Tate Modern, Proposed Redevelopment
In 2018 we were given the theoretical task of designing a multi-functional seating, informational, and wayfinding solution for the Tate Modern gallery on Southbank.
While not a live project, we still had to approach it as if it was, meaning technical drawings and final renders had to be created as if there was a final hand-off at the end of the submission. Not only that, but the entire project had to be completed in only four working weeks, excluding the initial site visit that took place in early December of that year and the subsequent holiday break.
This was a project with efficiency at its core; not only efficiency of time, but efficiency of design as well. An experiment in time management and quick, effective, accurate decision making.
Originally the Bankside Power Station, the industrial structure was converted between 1995 and 2000 into its current state by Herzog & de Meuron after its final decommission in 1981. The building is now a contemporary art gallery, the second most visited in the UK, and the 6th most popular in the world.

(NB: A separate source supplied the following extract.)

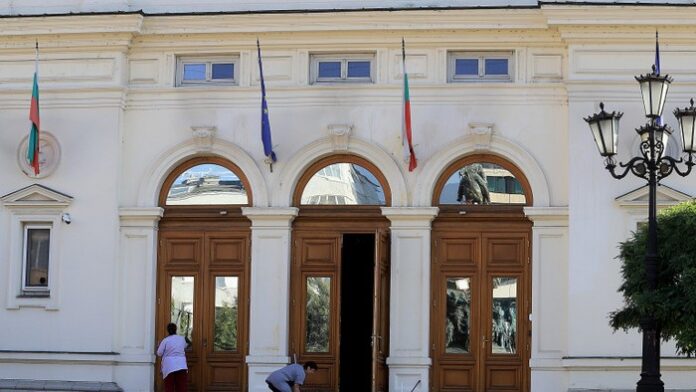 Сдружение "Зограф" иска министърът на културата да глоби "Отровното трио" с 30 000 лв.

Its most famous characteristic is its industrial architecture and large-scale interiors, having been designed to accommodate massive machinery as opposed to just people. This most notably extends to the giant turbine hall that makes up a large portion of the centre of the building.
Year of design:
Tate, Tate Modern
The view of the site when approaching from the Riverside (Northern) entrance. Note the blue/green tint on the glass, as well as the light entering into the compressed space from the Turbine Hall.
The view facing the site from the Cafe (Western) entrance. Due to both plains being visible, this could be considered the key angle.
For our design proposal we had been presented with a specific site within the Tate Modern from which to develop.
The site can be found just off the main northertly entrance, overlooking the turbine hall. It is the floor to ceiling glass panes that surround the building’s escalator system on the first storey, continuing a glasswork theme also found in the adjascent shopping area.
Next to the space lies the turbine hall, from which on this storey (complete with a bridge that sit above the hall) acts as a means to view from and wayfind. Between the compressed site and extremely open hall are regularly placed mild steel columns with exposed rivets. These are leftovers from the building’s original function, and create a consistent aesthetic shared throughout the entire building when presented alongside the poured reinforced concrete and slightly green-tinted frame-less glass. These were all starting points that heavily inspired the look of the proposal moving forward, and can be seen clearly in the finished work’s design.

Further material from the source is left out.